Exp : JUNCKER, 105 rue Manin, Paris XIX
 
À Madame Garret
5 boulevard de la République
RIOM - Puy de Dôme -
 
À Madame et au Commandant Georges Collignon, en toute affection.
Lire le récit de la journée du 27 août : Vive le son du canon - Partie 5

Paris, le dimanche 3 septembre 1944

Durant cette semaine, j’ai quitté les abords des Buttes Chaumont. J’ai repris contact avec tous les quartiers que je fréquente habituellement.

Enfin, j’ai vu des amis que je n’avais pu acclamer. J’ai pu le faire tout à mon aise.

J’étais au croisement du boulevard Sébastopol et de a rue de Rivoli quand je fus arrêté par un convoi. De petites voitures américaines défilaient. Elles allaient lentement, à peine l’allure d’un homme au pas. Brusquement, nerveuses, elles démarrent. Nulle transition. Elles font un véritable bond. C’est qu’elles viennent d’être rejointes par un train d’artillerie bientôt suivi par des régiments d’infanterie précédés de leurs drapeaux. Chacun en possède deux, portés côte à côte. L’un est la bannière étoilée des U.S.A., l’autre, je le suppose, celui de l’État d’origine du régiment.

J’ai pu gagner la rue du Pont Neuf où j’étais attendu. Là, d’un balcon, une heure durant j’ai vu s’écouler le flot pressé non seulement par la rue de Rivoli mais encore par les deux quais de la Seine.

Le ronflement des moteurs, le martellement des souliers sur le pavé ont eu un effet instantané. A toutes les fenêtres, entre les oriflammes toujours déployés, des têtes curieuses se montrent. Les « dactychiffres » et les vendeurs oublient qu’ils ont un comptoir. Des mains s’agitent, des mouchoirs se secouent, des hourras sont proférés sur tous les tons. Des trottoirs noirs de monde comme des fenêtres où les gens se pressent, monte vers le ciel une immense acclamation : « Vive l’Amérique, Vive les alliés ; » Le cri se répercute, s’éteint et renaît plus nourri.
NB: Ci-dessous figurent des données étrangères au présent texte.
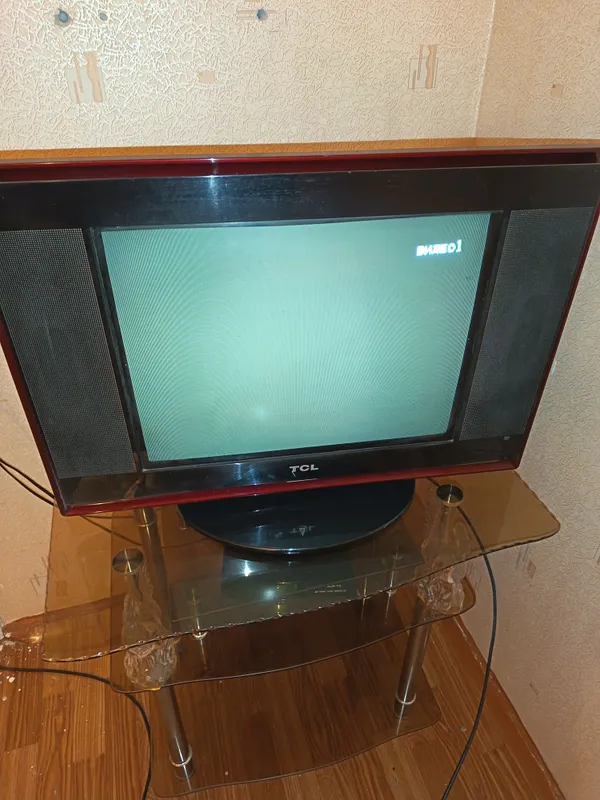 TCL televizor ..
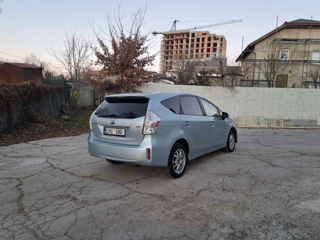 Toyota Prius v foto 4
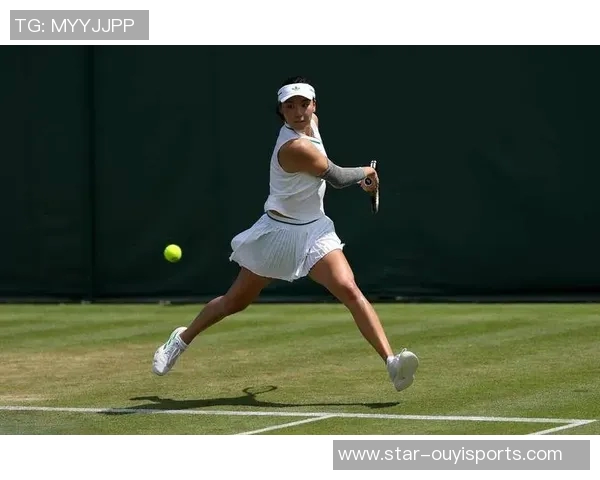 深圳网球队网球状态排名创新高展现强劲实力与团队协作精神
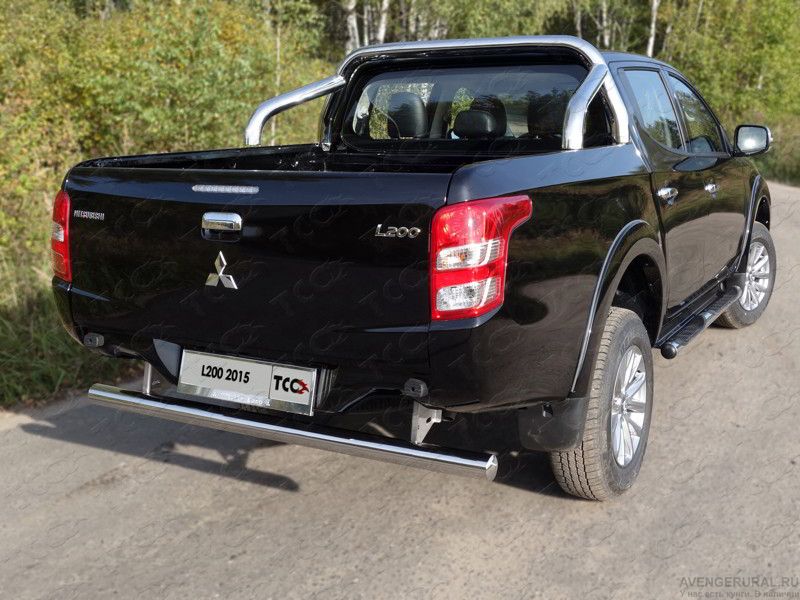 Mitsubishi l200 подкрылки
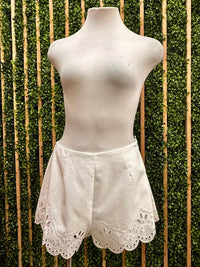 Embroidered Square Short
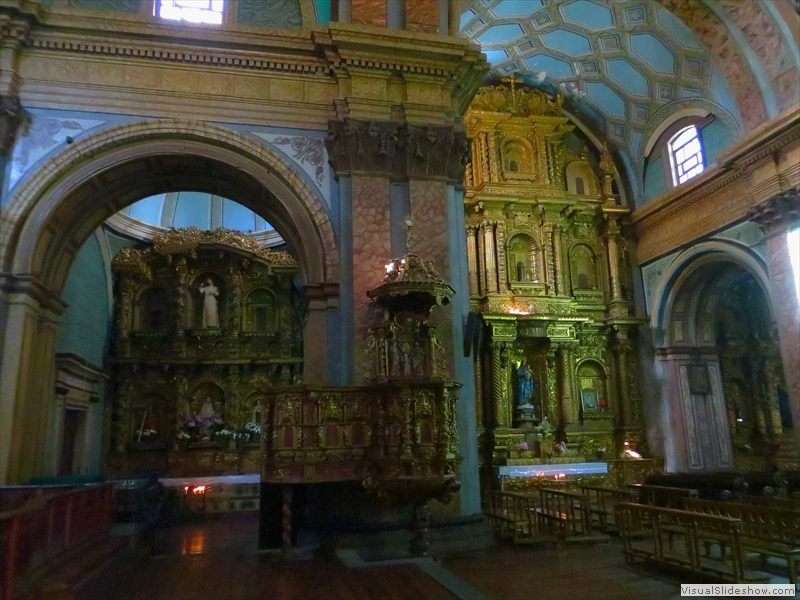 pulpit-national-cathedral-quito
Les Américains, ceux du moins qui n’ont ni fusil à porter, ni volant à tenir répondent : « Vive la France » tandis que la main levée, ils forment de l’index et du médium , le V, symbole d’une victoire désormais acquise.

Visage soigneusement rasé, frais et rose, ils sembleraient de gros enfants joufflus si ce n’étaient leur encolure puissante et leur large poitrine. Comme des enfants, en effet, ils rient d’un large rire découvrant des mâchoires saines et blanches.

Parmi les troupes motorisées, beaucoup de nègres athlétiques. Plus que les autres, s’il se peut, ils se montrent sensibles aux acclamations. Ils prennent volontiers l’initiative des gestes amicaux. Ils doivent dans leur naïveté penser qu’ici, ils sont d’usage constant.

J’ai vu le même délire toutes les fois qu’il m’a été donné de rencontrer des colonnes quelle que soit leur importance. On salue un camion de troupes avec l’ardeur qu’on mettrait à applaudir une division sentant encore la poudre.

Avez-vous vu nos amis américains ? Ils sont vêtus en « kaki » du casque rond aux souliers fauves. Leur veste de toile forme blouson et leur pantalon également de toile est serré au bas du mollet par une guêtre haute de même étoffe. Souples, ils vont à grands pas en chaloupant un tantinet. Ils sont sans morgue, débonnaires. Les gosses à Poulbot courent derrière eux et quémandent des friandises. Parfois de tout jeunes dont la marche est mal assurée, s’essaient à ce jeu. Sam alors ralentit, se penche beaucoup pour que l’enfant puisse mettre sa main dans la sienne. Ensemble, ils font quelques pas et l’enfant repart de son côté avec un bonbon ou un morceau de chocolat. Les Américains sont fort ravitaillés en chatteries… Ils sont très populaires auprès des jeunes filles. Elles flirtent volontiers avec eux. Ils sont même beaucoup plus populaires que les canadiens ou les anglais. Ceux ci sont plus élégants et moins familiers.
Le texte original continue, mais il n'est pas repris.